(Available data):
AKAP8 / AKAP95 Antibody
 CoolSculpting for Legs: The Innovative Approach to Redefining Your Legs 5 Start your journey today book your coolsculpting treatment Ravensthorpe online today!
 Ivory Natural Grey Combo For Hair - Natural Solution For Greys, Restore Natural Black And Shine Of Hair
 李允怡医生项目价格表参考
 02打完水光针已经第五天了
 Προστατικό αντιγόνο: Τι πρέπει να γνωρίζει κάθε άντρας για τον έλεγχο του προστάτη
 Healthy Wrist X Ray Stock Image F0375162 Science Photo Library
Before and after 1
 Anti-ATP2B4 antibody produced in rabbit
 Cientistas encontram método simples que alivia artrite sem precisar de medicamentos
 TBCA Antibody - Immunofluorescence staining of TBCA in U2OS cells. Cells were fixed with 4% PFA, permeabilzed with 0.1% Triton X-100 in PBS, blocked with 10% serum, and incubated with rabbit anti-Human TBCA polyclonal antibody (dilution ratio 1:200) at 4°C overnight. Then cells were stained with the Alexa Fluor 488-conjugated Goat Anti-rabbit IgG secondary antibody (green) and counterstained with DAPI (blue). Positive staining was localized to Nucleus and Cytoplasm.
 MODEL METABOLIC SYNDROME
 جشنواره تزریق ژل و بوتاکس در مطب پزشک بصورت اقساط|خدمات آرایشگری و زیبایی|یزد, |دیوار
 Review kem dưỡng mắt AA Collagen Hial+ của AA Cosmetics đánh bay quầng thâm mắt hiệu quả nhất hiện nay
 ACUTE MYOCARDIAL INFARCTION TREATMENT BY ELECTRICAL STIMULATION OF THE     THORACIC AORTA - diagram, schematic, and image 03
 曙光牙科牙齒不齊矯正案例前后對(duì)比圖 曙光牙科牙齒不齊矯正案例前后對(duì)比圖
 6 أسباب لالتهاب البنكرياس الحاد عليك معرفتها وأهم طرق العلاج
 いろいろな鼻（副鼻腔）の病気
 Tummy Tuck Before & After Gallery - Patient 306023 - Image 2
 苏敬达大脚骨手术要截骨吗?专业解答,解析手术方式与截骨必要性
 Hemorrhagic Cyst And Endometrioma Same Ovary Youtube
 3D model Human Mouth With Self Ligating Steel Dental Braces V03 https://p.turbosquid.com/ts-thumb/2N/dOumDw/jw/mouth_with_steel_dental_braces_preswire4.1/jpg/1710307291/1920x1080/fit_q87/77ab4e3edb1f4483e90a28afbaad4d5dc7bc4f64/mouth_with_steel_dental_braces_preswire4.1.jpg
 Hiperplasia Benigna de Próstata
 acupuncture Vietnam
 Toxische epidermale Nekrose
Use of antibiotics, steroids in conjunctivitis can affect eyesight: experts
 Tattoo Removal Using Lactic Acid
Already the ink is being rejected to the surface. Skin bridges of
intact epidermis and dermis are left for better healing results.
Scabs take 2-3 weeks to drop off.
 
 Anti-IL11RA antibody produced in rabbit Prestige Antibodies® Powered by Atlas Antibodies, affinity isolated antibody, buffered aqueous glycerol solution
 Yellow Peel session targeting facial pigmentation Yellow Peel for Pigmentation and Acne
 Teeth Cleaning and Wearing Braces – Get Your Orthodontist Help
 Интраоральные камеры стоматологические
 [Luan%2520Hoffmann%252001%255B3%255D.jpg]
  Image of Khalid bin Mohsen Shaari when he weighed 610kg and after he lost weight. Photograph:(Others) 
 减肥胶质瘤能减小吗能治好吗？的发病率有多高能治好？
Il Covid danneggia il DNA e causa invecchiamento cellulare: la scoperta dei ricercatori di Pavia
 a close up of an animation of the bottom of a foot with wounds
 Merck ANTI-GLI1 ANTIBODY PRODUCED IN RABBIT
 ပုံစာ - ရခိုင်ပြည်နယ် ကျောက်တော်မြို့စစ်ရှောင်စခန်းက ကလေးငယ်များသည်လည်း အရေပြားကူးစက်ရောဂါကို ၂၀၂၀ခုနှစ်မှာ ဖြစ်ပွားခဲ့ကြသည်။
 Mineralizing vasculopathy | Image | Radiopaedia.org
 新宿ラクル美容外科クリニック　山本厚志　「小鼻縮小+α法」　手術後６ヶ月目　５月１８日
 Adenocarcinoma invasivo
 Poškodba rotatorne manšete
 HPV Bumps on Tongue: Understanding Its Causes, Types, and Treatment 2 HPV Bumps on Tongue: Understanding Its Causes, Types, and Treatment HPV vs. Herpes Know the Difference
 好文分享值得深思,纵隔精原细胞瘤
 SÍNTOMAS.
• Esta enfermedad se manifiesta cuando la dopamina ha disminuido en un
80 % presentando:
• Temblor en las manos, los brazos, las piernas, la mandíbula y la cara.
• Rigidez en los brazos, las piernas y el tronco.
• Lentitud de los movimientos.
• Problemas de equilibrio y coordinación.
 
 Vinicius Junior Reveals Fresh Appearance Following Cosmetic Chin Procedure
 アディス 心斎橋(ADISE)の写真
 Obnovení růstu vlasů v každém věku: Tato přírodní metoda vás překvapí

(Aim of the task):
Please transcribe only the lines in the records above running from the line that has "曙光牙科牙齒不齊矯正案例前后對(duì)比圖 曙光牙科牙" through the line that has "Hemorrhagic Cyst And", both included, exactly as they appear.

(Solution):
 曙光牙科牙齒不齊矯正案例前后對(duì)比圖 曙光牙科牙齒不齊矯正案例前后對(duì)比圖
 6 أسباب لالتهاب البنكرياس الحاد عليك معرفتها وأهم طرق العلاج
 いろいろな鼻（副鼻腔）の病気
 Tummy Tuck Before & After Gallery - Patient 306023 - Image 2
 苏敬达大脚骨手术要截骨吗?专业解答,解析手术方式与截骨必要性
 Hemorrhagic Cyst And Endometrioma Same Ovary Youtube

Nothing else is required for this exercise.